Source material START
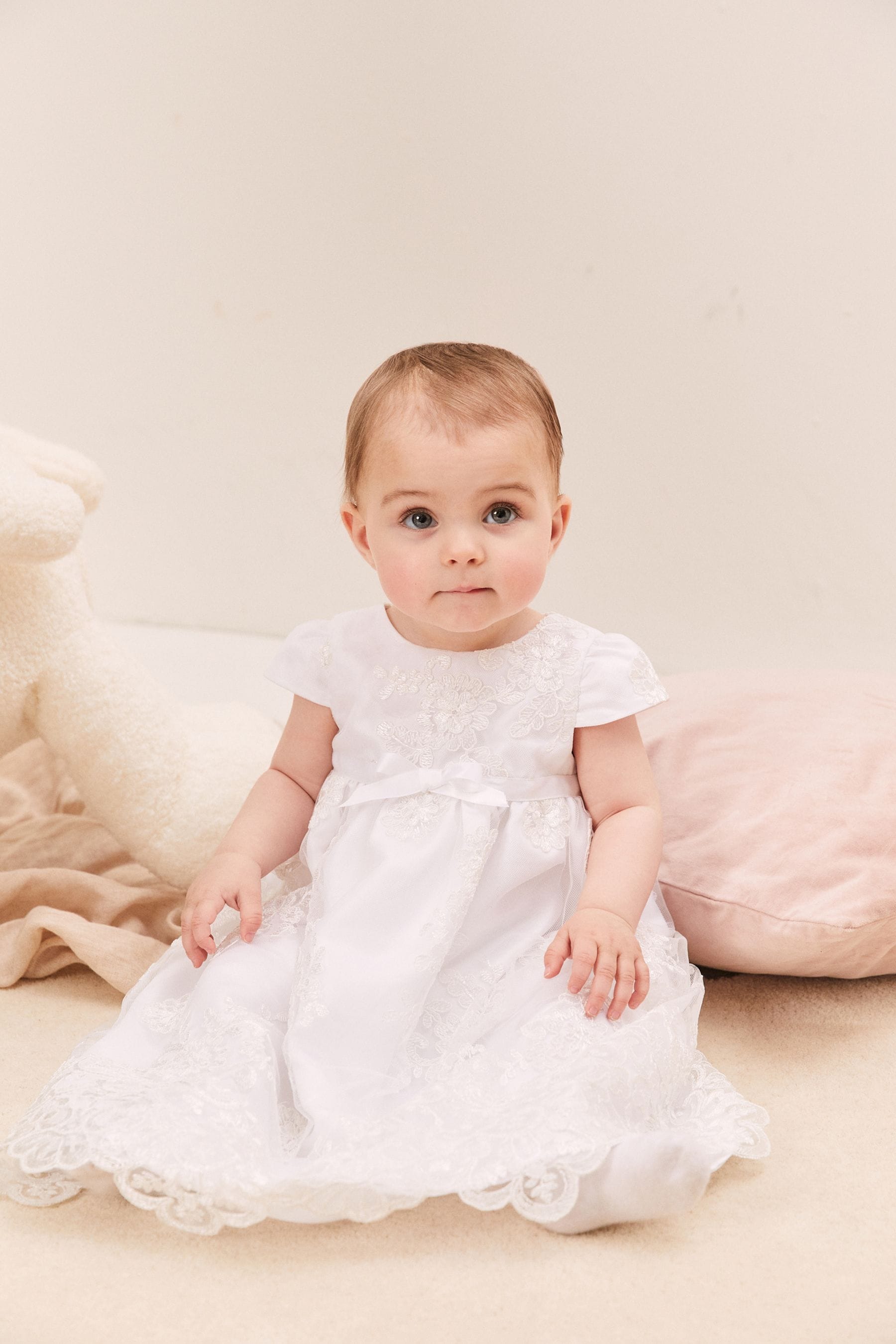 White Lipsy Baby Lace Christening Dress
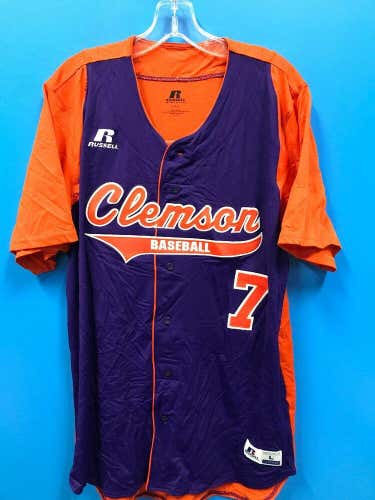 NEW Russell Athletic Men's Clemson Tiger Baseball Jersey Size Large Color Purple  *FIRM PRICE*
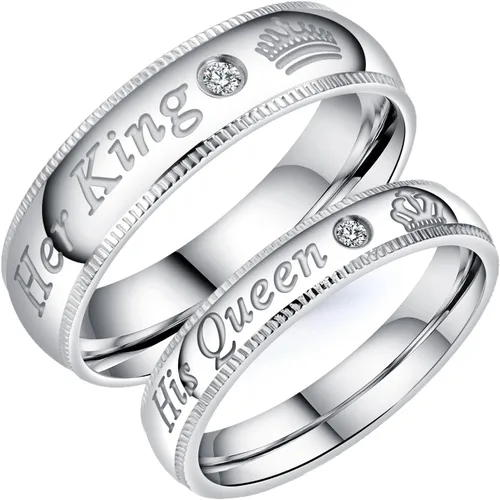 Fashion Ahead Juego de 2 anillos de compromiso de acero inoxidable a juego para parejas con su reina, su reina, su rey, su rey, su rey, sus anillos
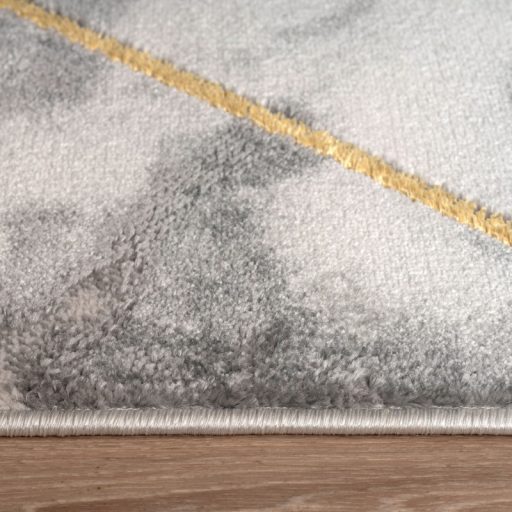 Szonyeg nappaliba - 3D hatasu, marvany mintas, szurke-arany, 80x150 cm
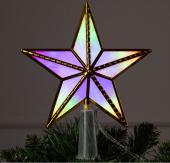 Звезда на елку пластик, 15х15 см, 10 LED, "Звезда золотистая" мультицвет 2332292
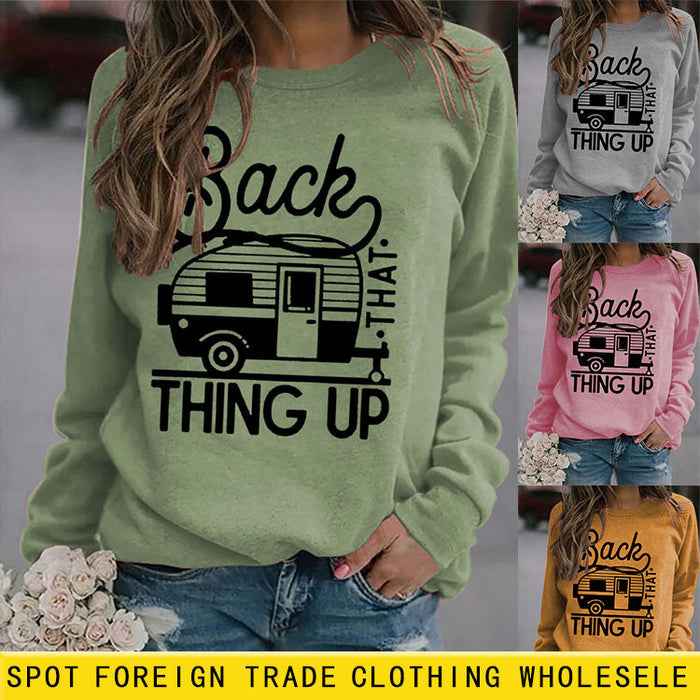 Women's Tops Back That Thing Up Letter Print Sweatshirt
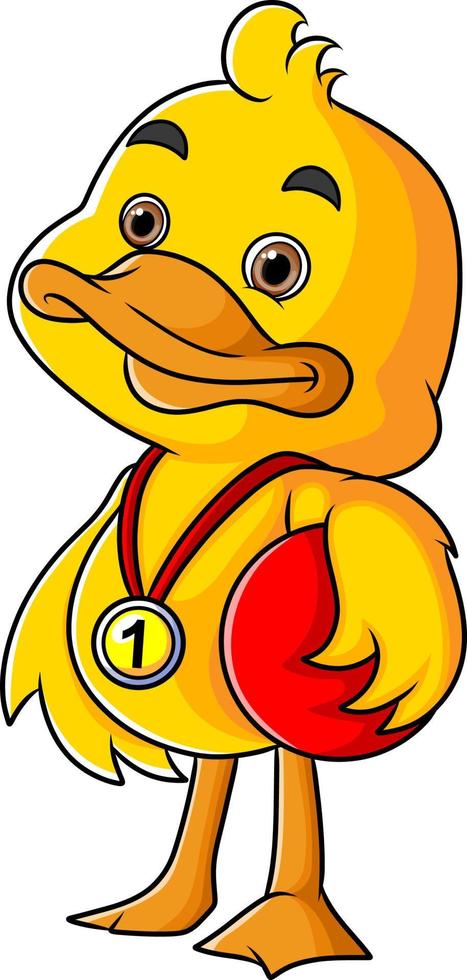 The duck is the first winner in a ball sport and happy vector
Source material END
Problem to work on: An exact copy of every line above, minus the pictures, is the required output.

Expected answer:
 White Lipsy Baby Lace Christening Dress
 NEW Russell Athletic Men's Clemson Tiger Baseball Jersey Size Large Color Purple  *FIRM PRICE*
 Fashion Ahead Juego de 2 anillos de compromiso de acero inoxidable a juego para parejas con su reina, su reina, su rey, su rey, su rey, sus anillos
 Szonyeg nappaliba - 3D hatasu, marvany mintas, szurke-arany, 80x150 cm
 Звезда на елку пластик, 15х15 см, 10 LED, "Звезда золотистая" мультицвет 2332292
 Women's Tops Back That Thing Up Letter Print Sweatshirt
 The duck is the first winner in a ball sport and happy vector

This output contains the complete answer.